Ia menjelaskan penetapan harga TBS juga untuk menjaga stabilitas harga komoditas di daerah sentra produksi.

“Rapat bersama juga untuk menghindari adanya persaingan yang tidak sehat diantara pabrik pengolahan kelapa sawit,” kata Rudi.

Ia menjelaskan penetapan harga TBS ditentukan oleh data penjualan CPO, inti nilai indeks K perusahaan kemitraan inti-plasma.

Sementara itu, Ketua Asosiasi Petani Kelapa Sawit Indonesia (Apkasindo) Sumsel Slamet, mengatakan harga TBS berdasarkan penetapan cenderung lebih tinggi dibanding harga pasar.

“Harga Disbun berdasarkan penetapan bersama itu biasanya lebih tinggi dan ini dipakai oleh petani plasma kebanyakan,” kata dia.

Pemerintah harus selalu mengawal penetapan harga Tandan Buah Segar kelapa sawit di tingkat petani karena lemahnya posisi tawar jika dibandingkan pemilik pabrik pengolahan sawit.

Dekan Fakultas Pertanian Universitas Sriwijaya Andy Mulyana mengatakan, meski pemerintah sebenarnya sudah mengatur mengenai penetapan harga sawit ini dalam Peraturan Menteri Pertanian Republik Indonesia Nomor 01/PERMENTAN/KB.120/1/2018 tentang Pedoman Penetapan Harga Pembelian Tandan Buah Segar Kelapa Sawit Produksi Pekebun, namun implimentasi di lapangan masih kurang pengawasan.

“Jangankan di tingkat petani rakyat (swadaya), penetapan harga antara petani yang bermitra dengan perusahaan saja sering terjadi konflik. Jadi pemerintah harus terus mengawasi perusahaan-perusahaan itu,” kata Andy.

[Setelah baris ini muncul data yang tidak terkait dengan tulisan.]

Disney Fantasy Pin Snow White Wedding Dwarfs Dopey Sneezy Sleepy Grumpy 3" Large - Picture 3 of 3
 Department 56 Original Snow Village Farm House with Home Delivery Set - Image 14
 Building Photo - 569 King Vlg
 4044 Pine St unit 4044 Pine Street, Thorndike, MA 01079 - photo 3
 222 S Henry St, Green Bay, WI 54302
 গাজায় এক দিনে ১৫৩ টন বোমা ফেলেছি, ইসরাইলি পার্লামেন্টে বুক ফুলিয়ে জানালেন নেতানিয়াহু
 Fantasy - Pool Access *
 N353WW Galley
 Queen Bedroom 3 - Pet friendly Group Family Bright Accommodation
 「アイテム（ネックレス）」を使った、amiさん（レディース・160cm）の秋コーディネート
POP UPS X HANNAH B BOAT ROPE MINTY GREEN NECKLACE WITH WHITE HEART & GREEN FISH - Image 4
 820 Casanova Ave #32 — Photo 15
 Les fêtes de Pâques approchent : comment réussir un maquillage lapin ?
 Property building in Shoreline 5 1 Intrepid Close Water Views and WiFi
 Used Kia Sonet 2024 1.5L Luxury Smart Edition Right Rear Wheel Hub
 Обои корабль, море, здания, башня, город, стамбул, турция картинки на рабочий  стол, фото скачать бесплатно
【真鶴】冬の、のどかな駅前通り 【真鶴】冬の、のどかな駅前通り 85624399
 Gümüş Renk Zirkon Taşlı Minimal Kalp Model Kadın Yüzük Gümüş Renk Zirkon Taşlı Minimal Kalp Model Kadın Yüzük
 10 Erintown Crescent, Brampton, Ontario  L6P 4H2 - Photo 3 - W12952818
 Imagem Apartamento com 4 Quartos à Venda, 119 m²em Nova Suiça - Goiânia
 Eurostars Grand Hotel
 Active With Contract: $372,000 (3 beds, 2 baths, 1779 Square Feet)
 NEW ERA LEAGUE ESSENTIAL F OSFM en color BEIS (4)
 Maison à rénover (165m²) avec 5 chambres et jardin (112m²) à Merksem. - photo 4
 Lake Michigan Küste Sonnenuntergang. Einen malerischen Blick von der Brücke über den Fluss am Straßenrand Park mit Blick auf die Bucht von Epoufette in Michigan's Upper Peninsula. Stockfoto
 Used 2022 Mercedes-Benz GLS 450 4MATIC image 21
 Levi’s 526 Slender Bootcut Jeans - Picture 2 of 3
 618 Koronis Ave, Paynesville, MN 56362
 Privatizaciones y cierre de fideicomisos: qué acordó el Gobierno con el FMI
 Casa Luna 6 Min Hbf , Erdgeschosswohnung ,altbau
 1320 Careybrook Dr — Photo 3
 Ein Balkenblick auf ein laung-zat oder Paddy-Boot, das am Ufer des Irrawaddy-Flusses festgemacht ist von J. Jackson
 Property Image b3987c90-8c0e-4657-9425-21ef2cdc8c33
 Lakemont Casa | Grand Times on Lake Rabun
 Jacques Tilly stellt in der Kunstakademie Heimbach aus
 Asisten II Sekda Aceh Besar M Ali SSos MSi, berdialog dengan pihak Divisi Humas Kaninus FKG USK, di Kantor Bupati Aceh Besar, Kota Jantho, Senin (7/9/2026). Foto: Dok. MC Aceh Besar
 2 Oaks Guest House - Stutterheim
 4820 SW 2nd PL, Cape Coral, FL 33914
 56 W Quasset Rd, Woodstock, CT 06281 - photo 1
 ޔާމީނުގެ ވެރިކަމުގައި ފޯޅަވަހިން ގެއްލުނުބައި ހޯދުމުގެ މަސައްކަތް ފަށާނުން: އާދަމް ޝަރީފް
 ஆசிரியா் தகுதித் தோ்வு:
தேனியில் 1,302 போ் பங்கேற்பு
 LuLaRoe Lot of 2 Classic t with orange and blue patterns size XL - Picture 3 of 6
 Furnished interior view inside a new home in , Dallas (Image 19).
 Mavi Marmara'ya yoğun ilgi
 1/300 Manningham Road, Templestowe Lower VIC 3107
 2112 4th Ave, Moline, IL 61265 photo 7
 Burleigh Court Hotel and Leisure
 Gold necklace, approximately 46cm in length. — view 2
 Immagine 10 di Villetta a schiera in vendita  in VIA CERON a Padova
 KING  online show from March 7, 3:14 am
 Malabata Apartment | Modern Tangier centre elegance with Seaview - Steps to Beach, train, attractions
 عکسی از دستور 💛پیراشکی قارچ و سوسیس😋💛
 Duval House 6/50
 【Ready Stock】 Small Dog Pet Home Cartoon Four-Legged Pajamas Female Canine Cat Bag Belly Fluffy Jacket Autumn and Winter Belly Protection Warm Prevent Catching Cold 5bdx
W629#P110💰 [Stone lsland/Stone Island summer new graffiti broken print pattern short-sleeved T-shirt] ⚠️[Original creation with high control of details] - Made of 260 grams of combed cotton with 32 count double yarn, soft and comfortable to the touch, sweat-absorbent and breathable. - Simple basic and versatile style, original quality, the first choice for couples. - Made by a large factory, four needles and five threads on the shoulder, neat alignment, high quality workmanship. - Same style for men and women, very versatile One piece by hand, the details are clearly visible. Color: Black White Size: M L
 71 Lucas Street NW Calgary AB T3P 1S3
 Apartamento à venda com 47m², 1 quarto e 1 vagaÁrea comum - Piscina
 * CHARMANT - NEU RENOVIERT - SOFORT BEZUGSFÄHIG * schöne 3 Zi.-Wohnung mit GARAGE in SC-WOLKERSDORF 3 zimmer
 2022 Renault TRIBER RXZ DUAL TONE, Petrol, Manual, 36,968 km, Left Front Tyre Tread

Menurut Andy, hadirnya pembeli tunggal yang dikelilingi oleh banyak penjual (petani rakyat), jika tidak diintervensi oleh pemerintah maka secara teori membuat harga bisa ditentukan oleh pembeli yang berorientasi pada keuntungan mereka semata.

Belum lagi, ia melanjutkan dalam perkembangannya, banyak petani tidak memahami mengenai rendeman secara mendalam karena menilai uang didapat berdasarkan berat tandan saja.

“Akhirnya terjadi konflik, dan ini sering terjadi terutama pada kemitraan yang belum diawasi oleh pemerintah. Jika pemerintah tidak mengawasi mulai dari penetapan harga TBS ini maka bisa saja kemitraan berhenti di tengah jalan,” kata dia.